H is for Hawk by Helen Macdonald
As a child Helen Macdonald always wanted to become a falconer, years later when her father died, she became obsessed with the idea of training her own goshawk as a way of processing her grief. She bought Mabel for £800 on a Scottish quayside and took her home to Cambridge, ready to embark on the long, strange business of trying to train this wildest of animals. H is for Hawk is an account of Macdonald’s struggle with grief during the difficult process of the hawk’s taming and her own untaming.

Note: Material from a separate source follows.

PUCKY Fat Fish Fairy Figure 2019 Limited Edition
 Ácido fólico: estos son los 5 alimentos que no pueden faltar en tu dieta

Braiding Sweetgrass by Robin Wall Kimmerer
Drawing on her life as an indigenous scientist, a mother, and a woman, Kimmerer shows how other living beings – asters and goldenrod, strawberries and squash, salamanders, algae, and sweetgrass – offer us gifts and lessons, even if we’ve forgotten how to hear their voices. In a rich braid of reflections that range from the creation of Turtle Island to the forces that threaten its flourishing today, she circles toward a central argument: that the awakening of a wider ecological consciousness requires the acknowledgment and celebration of our relationship with the rest of the living world.
The Salt Path by Raynor Winn
Just days after Raynor learns that Moth, her husband of 32 years, is terminally ill, their home is taken away and they lose their livelihood. With nothing left and little time, they make the brave and impulsive decision to walk the 630 miles of the sea-swept South West Coast Path, from Somerset to Dorset, via Devon and Cornwall. The Salt Path is the story of coming to terms with grief and the healing power of the natural world.
Wild by Cheryl Strayed
At twenty-two, Cheryl Strayed thought she had lost everything. In the wake of her mother’s death, her family scattered and her own marriage was soon destroyed. Four years later, with nothing more to lose, she made the most impulsive decision of her life. With no experience or training, driven only by blind will, she would hike more than a thousand miles of the Pacific Crest Trail from the Mojave Desert through California and Oregon to Washington State – and she would do it alone.
The Nature Fix: Why Nature Makes Us Happier, Healthier, and More Creative by Florence Williams
From forest trails in Korea, to islands in Finland, to eucalyptus groves in California, Florence Williams investigates the science behind nature’s positive effects on the brain. Delving into brand-new research, she uncovers the powers of the natural world to improve health, promote reflection and innovation, and strengthen our relationships. As our modern lives increasingly shift indoors, these ideas – and the answers they yield – are more urgent than ever.